Os agentes da Aliança são normalmente bardos sofisticados, paladinos zelosos, magos talentosos e guerreiros experientes. Eles são escolhidos principalmente por sua lealdade, além de serem ótimos em observação, discrição, tutela e combate.
– Agentes da Aliança dos Lordes garantem a segurança e a prosperidade das regiões civilizadas de Faerûn, por estarem unidos contra ameaças à civilização – continuou Naxene. – Eles proativamente eliminam tais ameaças de qualquer maneira, lutando com orgulho pela glória e segurança de seus povos, e seus lordes.
– A Aliança dos Lordes é uma coalizão estabelecida por pessoas com poderes políticos, preocupadas com a segurança mútua e a prosperidade – Vince completou com entusiasmo, quase fanático. – A organização é agressiva, militante e política. Guerreiros e feiticeiros são normalmente atraídos para a Aliança.
– Exato, Vince – riu Naxene para o mago. – Não esperava menos de alguém que quer tanto assim fazer parte da Aliança.
– Sinceramente, até que é interessante, mas não me vejo trabalhando para um bando de nobres pomposos – disse Ray sem muito interesse.
– Também prefiro não me associar à Aliança dos Lordes por enquanto – revelou Calima. – Na verdade, estou de olho em outra organização.
Lara e Turok revelaram que agora faziam parte do Enclave Esmeralda, o que não deixou Naxeane surpresa e nem frustrada, já que os dois não tinham perfil para agirem em nome da Aliança dos Lordes, já que eram mais “selvagens” do que civilizados.

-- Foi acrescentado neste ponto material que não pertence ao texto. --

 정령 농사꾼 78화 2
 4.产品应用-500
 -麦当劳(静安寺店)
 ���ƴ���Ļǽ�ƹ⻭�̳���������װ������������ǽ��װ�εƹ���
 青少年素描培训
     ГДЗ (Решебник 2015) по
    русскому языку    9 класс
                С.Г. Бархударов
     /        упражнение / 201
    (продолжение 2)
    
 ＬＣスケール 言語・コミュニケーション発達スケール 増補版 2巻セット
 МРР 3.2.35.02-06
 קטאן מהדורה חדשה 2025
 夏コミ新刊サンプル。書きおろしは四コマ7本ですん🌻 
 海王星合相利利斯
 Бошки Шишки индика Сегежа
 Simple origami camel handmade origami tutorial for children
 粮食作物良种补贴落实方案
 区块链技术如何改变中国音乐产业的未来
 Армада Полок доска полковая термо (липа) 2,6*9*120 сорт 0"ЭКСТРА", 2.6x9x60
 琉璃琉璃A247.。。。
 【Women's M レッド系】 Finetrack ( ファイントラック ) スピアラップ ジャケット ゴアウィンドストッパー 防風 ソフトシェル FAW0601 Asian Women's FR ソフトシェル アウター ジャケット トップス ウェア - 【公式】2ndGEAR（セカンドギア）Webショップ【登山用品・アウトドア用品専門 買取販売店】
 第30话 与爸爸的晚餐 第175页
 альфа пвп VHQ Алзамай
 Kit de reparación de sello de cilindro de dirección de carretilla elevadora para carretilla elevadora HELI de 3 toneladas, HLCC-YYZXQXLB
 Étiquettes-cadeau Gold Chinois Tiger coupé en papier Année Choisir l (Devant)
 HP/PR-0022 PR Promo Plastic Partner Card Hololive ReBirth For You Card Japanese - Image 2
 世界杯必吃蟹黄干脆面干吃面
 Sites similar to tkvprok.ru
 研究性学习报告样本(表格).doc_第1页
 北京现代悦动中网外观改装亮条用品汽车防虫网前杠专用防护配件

Vince aceitou de pronto, e foi sagrado como “manto”, a mais baixa hierarquia da Aliança dos Lordes, e recebeu um colar e um emblema com o símbolo da facção: uma coroa dourada em um fundo vermelho.
– Agora poderá agir em nome da Aliança dos Lordes e em nome da Senhora Declarada de Águas Profundas. – concluiu Naxene. – Assim que possível, vá para Águas Profundas e se apresente para a Senhora Laeral.
Vince confirmou com um sorriso. Parte de sua missão estava concluída, ele agora era um agente da Aliança dos Lordes.